In Spring 2019 I was walking my dog and I noticed something. The city had just sent out crews to prune some of the palm trees in the area – all the dead fronds were removed leaving a clean, trimmed palm head above.
There were a few remnants of some of the dead fronds lying around on the ground – so I picked one up. I’m talking about the full “branch” – if you will – the leaves, stalk, and fat part that connects to the palm tree’s trunk.
It was the fat part I was mostly interested in. It was really light, super dense, and fibrous. It seemed like a cross between agave, balsa, bamboo, and PU foam. I was determined to build a surfboard out of the stuff.
Trimming the Palm
I had a tree on my property that hadn’t been on the pruning crew’s list.
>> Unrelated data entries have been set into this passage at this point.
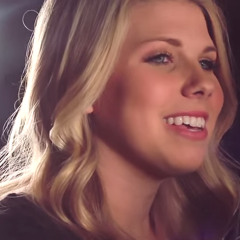 Glorious By David Archuleta From Meet The Mormons Cover By Lucy S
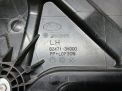  .   Hyundai / Kia  5  4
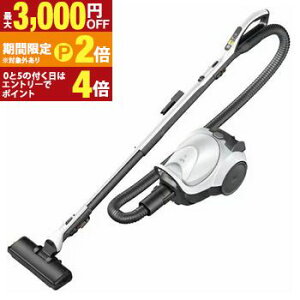 �O�H�d�@ ���p�b�N�|���@ TC-FM2F | TCFM2F MITSUBISHI ELECTRIC Be-K �r�P�C �т���ݏ����@�\ �y�ʃR���p�N�g �N�[���V���o�[�y�ő�3,000�~OFF�N�[�|���z�z���b10��P2�{�z
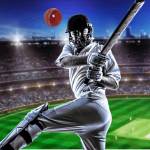 online cricket betting Profile Picture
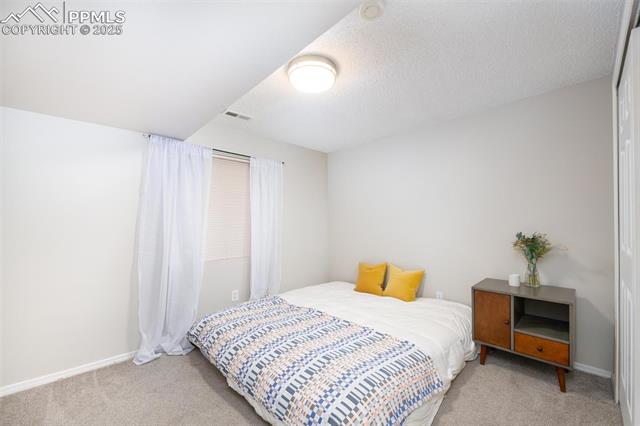 1501 Coolcrest Drive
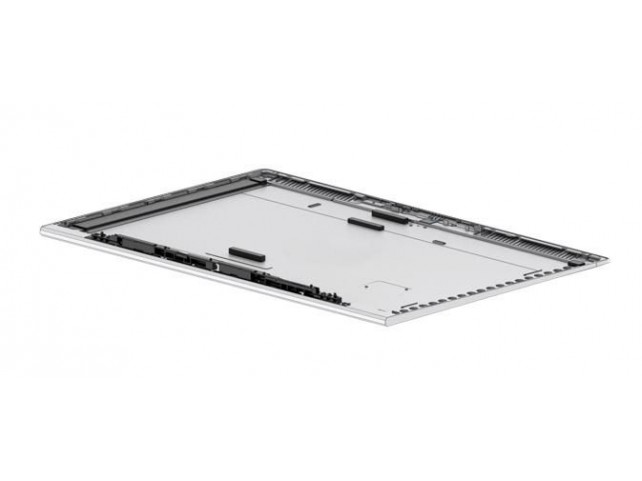 HP SPS-BACK COVER WLAN 400nits  FHD&PVCY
It had a ton of dead palm leaves and branches around it on the ground and hanging on by threads above.
I gathered and split the dried, dead palm leaves until I had a little over a garbage can full.
With a machete, I hacked the palms into more manageable pieces for the band saw.
I used the band saw to create as many rectangular blocks of the palm branch insides as I could. It cut like butter and had a really unique appearance.
Not Building Surfboards
After I spent a while cutting, I got through most of the good palm stock I collected. Now it was time to figure out how to glue it all together so I could shape a board.
This task was proving way to challenging for the patience and time I had to spare. I could have probably used a good thickness planer and about 100 more bar clamps too.
So back to the bin my palm rectangles went – collecting dust while I refined my fin designs.
Vissla & Surfrider Upcycle Contest 2019
My original plan was to enter my sweet, totally revolutionary dead palm surfboard with some super cool Wave Arcade fins in the Upcycle Contest.
That plan didn’t pan out. I thought, “Oh well, there’s always next time.”
The problem was I didn’t have quite enough palm stock and it would be too challenging to glue it all up with the equipment I had on hand.
Labor day rolled around, I was out of town, and the Upcycle Contest was a pipe dream of the past.
Then it occurred to me, while I certainly didn’t have time for a dead palm surfboard, I could probably crank out a pretty cool dead palm hand plane. So I did – with less than 6 days until the deadline.
The materials for the Wave Arcade Dead Palm Plane for the 2019 Vissla/Surfrider Upcycle Contest were as follows:
- Dead palm tree “foam”
- Fiberglass and fin rope off-cuts and scraps
- Leftover Entropy Resins Super Sap One bio-based epoxy
- An old wetsuit for the handstrap
Here’s how I made the dead palm hand plane:
- First, I glued and clamped a bunch of palm foam blocks into about the size I wanted to final hand plane.
- I decided to glue the horizontally due to the irregularities in their thicknesses. I think it gives it a pretty unique look.
- Next, I drew a rough outline and cut it out on the bandsaw.
- I used a power planer to get things even, and then swapped for a block plane to clean things up.
- I used sanding blocks and sandpaper to square the rails and rough out the bottom rocker and contours.
- I used a file to shape the rails and cleaned them up with sandpaper.
- Using a wood burning tool, I burned in a Wave Arcade logo.
- I cut some 4oz fiberglass scraps to glass the top and bottom.
- Next I laminated the hand plane and added fin rope and some more glass scraps that would hold down the strap.
- I did a hot coat and some final sanding.
- From there, I cut an old wetsuit, lead it through the fin rope loops and sewed it tight.
It turned out extremely light, really interesting looking, and pretty clean.
As far as I know, nobody has used a palm tree branch to do something like this before. Next step was to ride it and get some groovy barrel shots.
Admittedly, I don’t do much bodysurfing, but the dead palm plane may just change that. It was a blast in some dumpy, fast beach break.
Update: 2019 Vissla/Surfrider Creators & Innovators Upcycle Contest
This entry was chosen as a finalist for the 2019 contest along with some other really great projects from around the world.
The winner’s included a surfboard made from salvaged lobster buoys, an extremely well-crated hollow-wood body board & handplane made from an old barn, and a alaia made from 100+ year old miso barrels.